I've memorized some copyrighted works too.
If I perform them publicly, the copyright holder would have a case against me.
But the mere fact that I could recite those works doesn't make everything that I say into a copyright violation.
The copyright holder has to show that I've actually reproduced their work, not just that I've memorized it inside my brain.
The difference is that your brain isn't a piece of media which gets copied. The AI is. So when it memorizes, it commits a copyright violation
If that reasoning held, then every web browser, search engine bot, etc. would be violating copyright every time it accessed a web page, because doing so involves making a copy in memory.
Making an internal copy isn't the same as publishing, performing, etc. a work.
There's an implied license to use content for the purpose of displaying it for web content. Copies for other purposes...not so much. There have been a whole series of lawsuits over the years over just how much you can copy for what purpose.
There isn't an "implied license". Rather, copyright is simply not infringed until the work is actually republished, performed, etc. without the copyright holder's permission.

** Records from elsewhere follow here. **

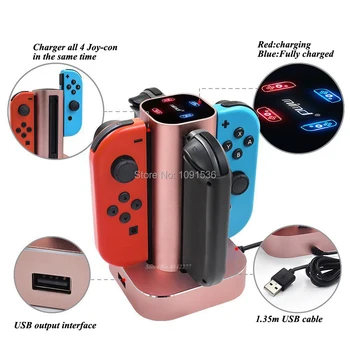

Newest Nintend Switch Dock Accessories Metal Charger Charging Dock Station Nintendoswitch For Nintendo Switch 4 Joycon Game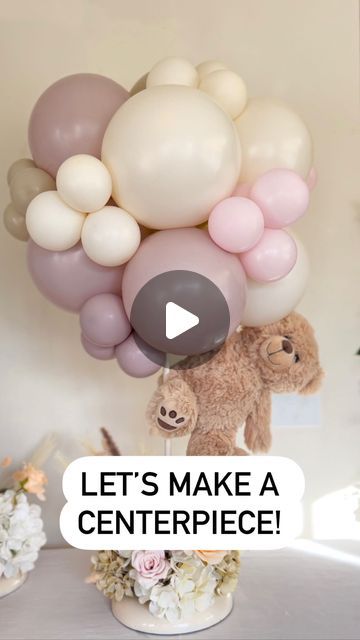 SAY IT WITH BALLOONS LLC on Instagram: "Let’s make a centerpiece 🧸✨ Base - Lamp @ikea Spray paint @homedepot Dry foam @hobbylobby Silk flowers @hobbylobby Balloons @pshelium Teddy Bear @amazon #cltballoons #charlottemoms #balloonartist #charlottemom #happybirthday #cltmom #cltmoms #cltballoonartist #balloonentrance #charlotteballoons #firstbirthdayideas #charlotteballoonsartist #firstbirthday #babyshower #cltkids #balloontutorial #centerpiece #centerpiecesideas #teddybearparty #wecanbearlywait" Baby Girl Balloons Decoration, Boho Teddy Bear Centerpieces, Diy Teddy Bear Centerpieces, Teddy Bear Table Centerpieces, Teddy Bear Balloon Centerpiece, Teddy Bear Centerpieces Diy, Baby Shower Teddy Bear Centerpieces, Bear Centerpiece Ideas, Baby Shower Balloon Centerpieces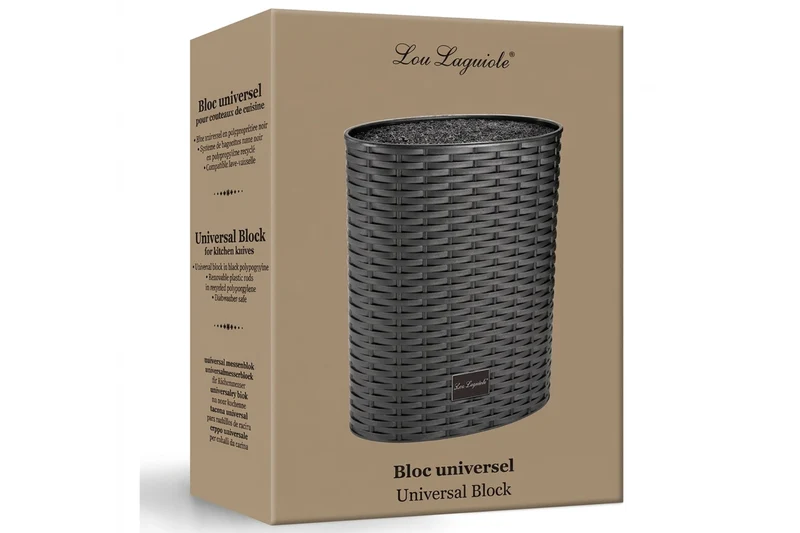 Bloc universel ovale tressé noir LOU LAGUIOLE intérieur fibres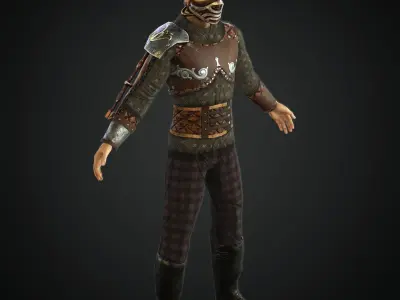  Steampunk rigged character Low-poly 3D model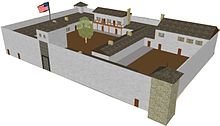 Fort John (Fort Laramie) was originally built of logs in 1834, then rebuilt in adobe in 1841. This digital reconstruction from a National Park Service/CyArk project is based on archaeological data, descriptions, and illustrations from the period when the Fort still stood. It shows the south and east facades of the high-walled Fort John. As a private trading post it was fortified chiefly to prevent theft of the valuable furs. The name Fort John fell into disuse following the military takeover of the Fort in 1849, and disappeared from records by 1860. Fort laramie cyark final.jpg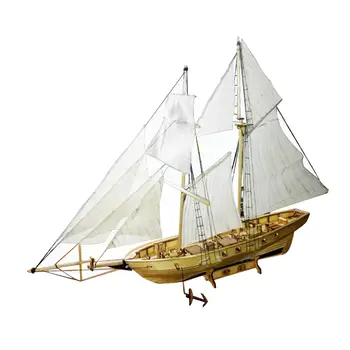 DIY Деревянная модель лодки Собрать модель Строительные модели Наборы Веселый морской парусный корабль для домашнего офиса Взрослые Гостиная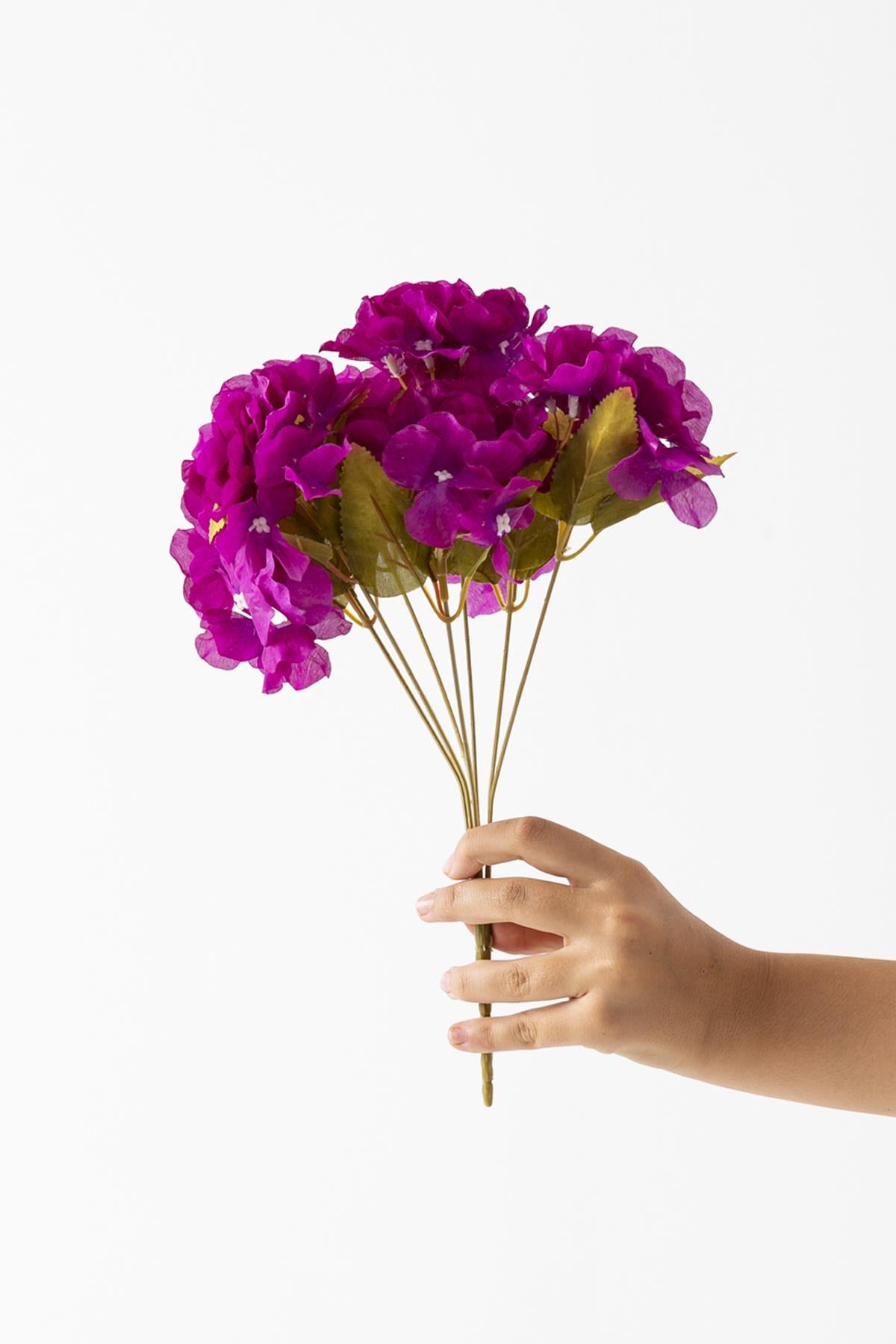 Yapay Ortanca Çiçeği 35 Cm 7 Dal Mor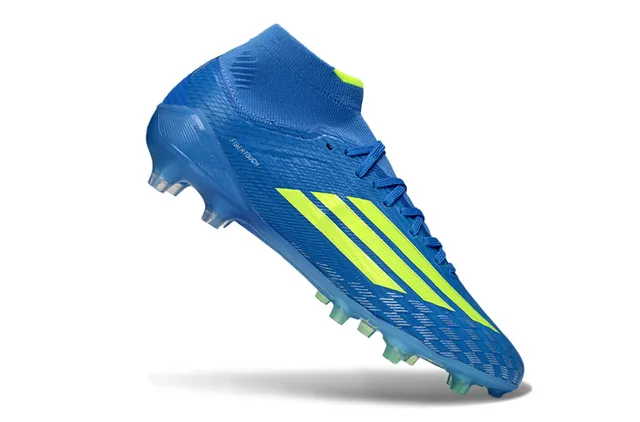 Adidas Blue Yellow High-Cut Knit Collar Asymmetrical Lacing Firm-Ground Soccer Shoes 2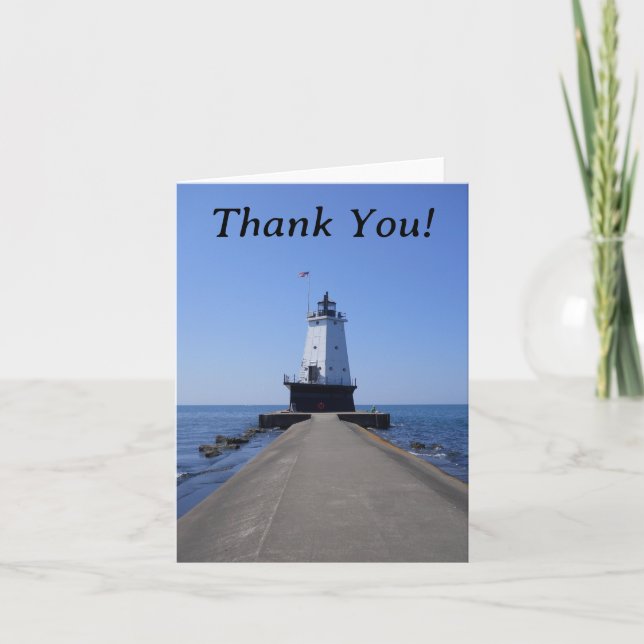 Carte De Remerciements North Pierhead Lighthouse Thank You Card (Devant)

Making internal in-memory copies — e.g. for search-engine indexing — is simply not an infringement to begin with; just as it's not an infringement for me to memorize a copyrighted work, but it would be an infringement if I were to recite it in a public performance without permission.
Copyright simply does not grant the copyright-holder absolute & total control of everything downstream from the work. It restricts republishing, performing, etc.; it does not restrict memorization, indexing, summarizing in a review, answering questions about the work, etc.
Again: if the AI system is made to regurgitate the actual text of the work, that's still a copyright infringement. But merely having learned from it is not.
This is different from those, and not at all tested in the courts. There are likely to be a whole bunch of lawsuits and several years before this is settled.
There is no possible basis in law for copyright infringement.
Copyright infringement isn't "you can do these things with copyrighted materials and everything else is banned". It's "these specific things (redistributing substantial portions of published works) are disallowed, unless you meet exceptions, and anything not explicitly disallowed is legal".
You are unconditionally allowed to learn from copyrighted works. There is no legal basis for preventing it. There is no possible basis in copyright law preventing it. It would take new legislation restricting doing so, and it would be impossible to apply to any training that happened before this new crime against humanity of a law was written.
No, it doesn't. Learning from copyrighted material is black and white fair use.
The fact that the AI isn't intelligent doesn't matter. It's protected.
A person reading and internalizing concepts is considerably different than an algo slurping in every recorded work of fiction and occasionally shitting out a bit of mostly Shakespeare. One of these has agency and personhood, the other is a tool.
No, that's not how these models work. You're repeating the old saw about these being "collage machines", which is a gross mischaracterization.